Странно было, что через это мне открывалось правило практическое, правило отношения к ней. Ни в коем случае не надо мне влиять на неё в отношении литературной помощи (чисто практической), кроме того, что если самой захочется. Её нужно искать в отношении внутренней помощи, что же касается внешней, то она этим и так по существу своему исполнена во всех отношениях слишком достаточно.
Надо, напротив, стараться дать ей самой пожить хорошо. Она это заслужила.
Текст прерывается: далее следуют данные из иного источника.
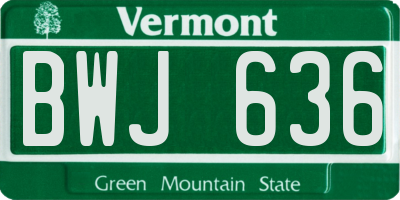 VT license plate BWJ636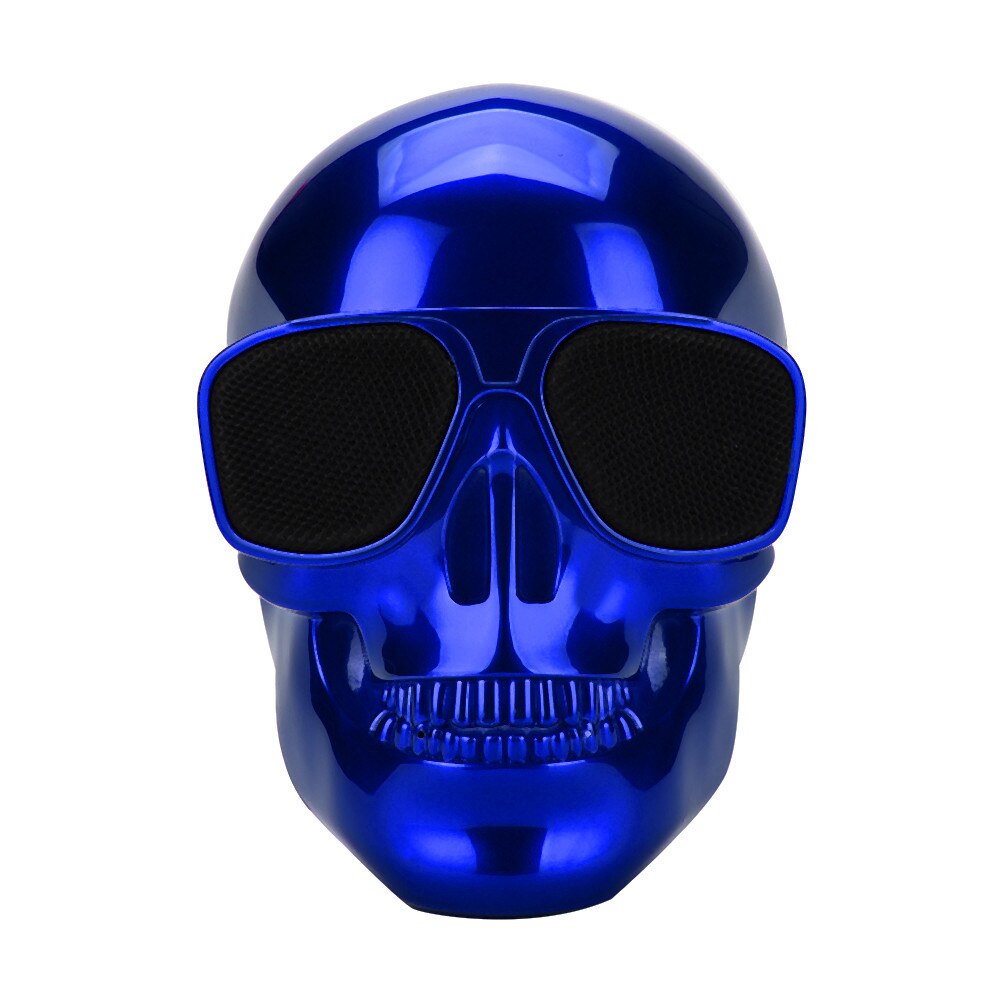 40# Plating Skull Pattern Portable Wireless Bluetooth 3.0 Stereo Speaker With Hd Sound And Super Bass Compatible For Mp3 Phones: Blue 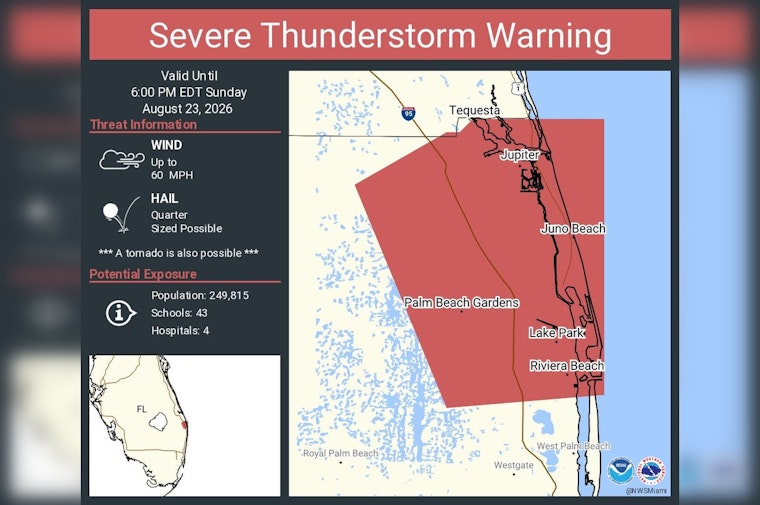 Severe Storm With Possible Tornado Threatens Jupiter, Palm Beach Gardens Until 6 PM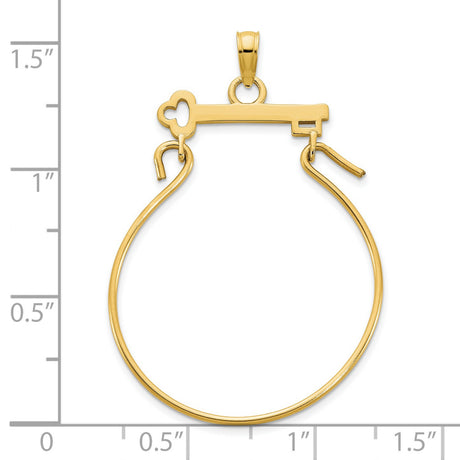 14k Yellow Gold Key and Handcuff Pendant, Polished Empowerment Charm for Women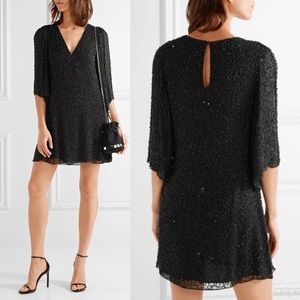 Alice + Olivia Shary Black Embellished Wide Sleeve Dress Size 10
И вот этим именно усиленным вниманием и можно удержать её навсегда. И это в своих руках: любишь и будешь держать, разлюбишь - уйдёт.
23 апреля. Я сказал ей:
- Мне кажется иногда, что источником моей любви к тебе служит особенное сочувствие к твоему страданию: моё состраданье. И подчёркиваю, как странность для меня: чужое страданье мою природу отталкивает, а твоё, напротив, служит даже источником моей природной мужской любви - как это понять?
- Это понять можно, - ответила Л., - ты любишь меня по-настоящему, и я тоже тебя люблю по-настоящему, и тебе отвечу, мне кажется, если даже буду сама умирать.
Не забыть бы, как бродили мы тем утром в лесу по снежному оврагу; в каком свете купалась душа; как радостно было, что я могу без сомнения и страха взглянуть прямо в лицо твоё. (Ах, эти тайные взгляды в лицо! Сколько их бывало в прошлом и с какой болью вспоминалось сейчас.)
Ночью призывал к себе Л. и постепенно к утру понял, что любовь моя к ней - вся любовь.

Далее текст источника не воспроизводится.